What is the bear case for HIMS stock?
$21, the lowest Wall Street target — roughly 44% below the July price. It rests on FDA compounding risk (PCAC review July 23–24), a Hold-majority street whose $28–$30 average target is already below the market price, subscription-churn complaints, and Eli Lilly’s direct-to-consumer competition.
Why did HIMS stock go up 67% in Q2 2026?
A run of operating catalysts: generic semaglutide launched in Canada in late May, the Eucalyptus acquisition closed in early June, monthly sales growth accelerated through the quarter, and analysts began raising targets — Canaccord to $40 and BofA Securities from $25 to $36.
What happens at the FDA meeting on July 23–24?
The Peptide Compounding Advisory Committee reviews seven peptides, with the FDA formally recommending against permitting compounding pharmacies to manufacture certain of them.
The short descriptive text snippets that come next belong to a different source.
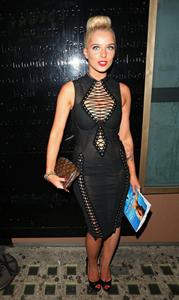 Helen Flanagan FHM Sept issue launch at Whisky Mist nightclub in London 7/30/13 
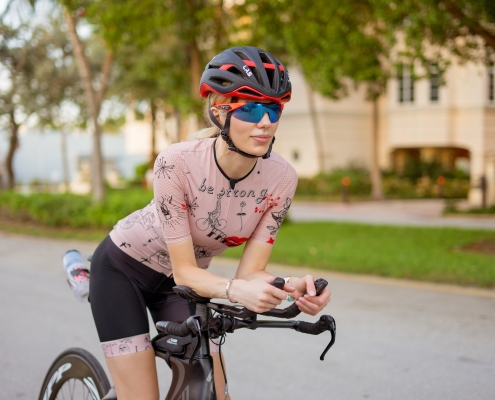 Nadezhda Pavlova triathlete Designed for Cycling ladies kit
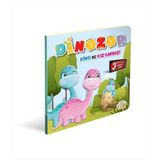 Binbir Göz Kitap Dinozor Dino ve Kız Kardeşi 3 Boyutlu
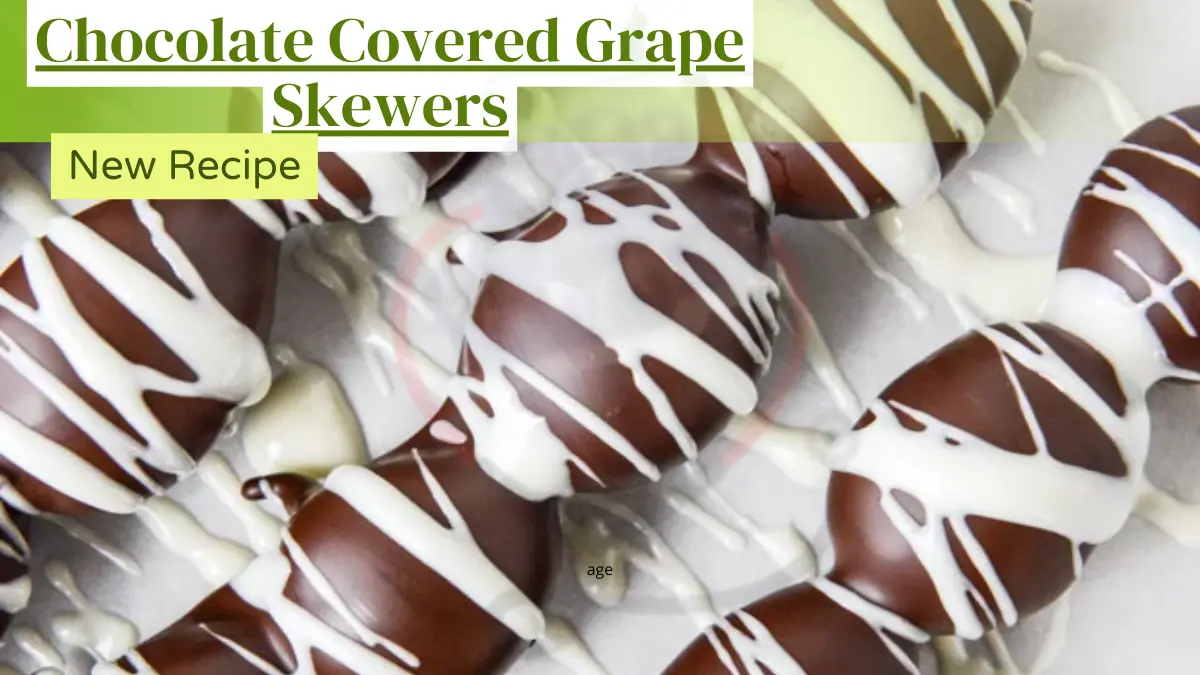 Image showing the Chocolate Covered Grape Skewers Recipe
The outcome shapes how much regulatory discount telehealth compounding channels carry, even as Hims shifts revenue to branded products.
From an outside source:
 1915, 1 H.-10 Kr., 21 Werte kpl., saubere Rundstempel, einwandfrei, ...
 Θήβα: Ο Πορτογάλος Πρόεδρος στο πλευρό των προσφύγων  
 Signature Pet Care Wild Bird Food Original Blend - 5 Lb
What is the HIMS analyst price target for 2026?
The 13-analyst average is $28.35–$30.14 with a $40 high and $21 low, per TipRanks and Stock Analysis (July 10, 2026) — an average that sits roughly 20% below the ~$37 market price, with the majority of the street at Hold.
Who are Hims & Hers’ main competitors?
Eli Lilly’s direct-to-consumer LillyDirect channel is the structural threat, since it removes the manufacturer’s need for telehealth intermediaries. Ro competes directly across weight loss and men’s health subscriptions, while Teladoc anchors the employer-channel alternative. The Novo Nordisk partnership is Hims’ current moat against exactly this set — and its dependency.
Is HIMS stock overvalued after the run?
The street’s average says yes; the marginal upgrade says not yet. The honest frame: the bull target offers ~7% upside while the bear target implies 44% downside — an asymmetry that makes the August earnings print, not the price targets, the real arbiter.